§ Data shown

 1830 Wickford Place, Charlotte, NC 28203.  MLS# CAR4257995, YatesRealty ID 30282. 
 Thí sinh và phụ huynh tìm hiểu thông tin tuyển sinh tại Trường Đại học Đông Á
--
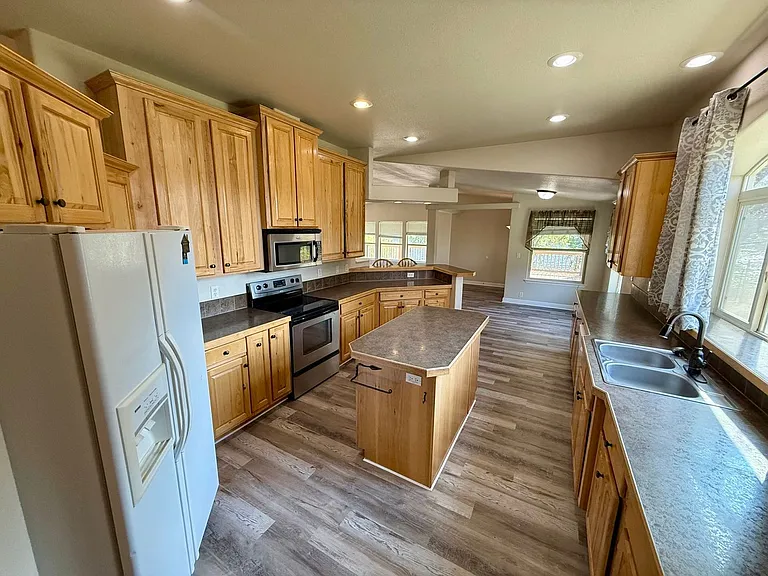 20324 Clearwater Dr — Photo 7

§ Exercise details
Write out exactly the lines above from the line with "1830 Wickford Place, Charlotte, NC" through the line with "Thí sinh và", both of them included, and leave out all other lines.

§ Output for this task
 1830 Wickford Place, Charlotte, NC 28203.  MLS# CAR4257995, YatesRealty ID 30282. 
 Thí sinh và phụ huynh tìm hiểu thông tin tuyển sinh tại Trường Đại học Đông Á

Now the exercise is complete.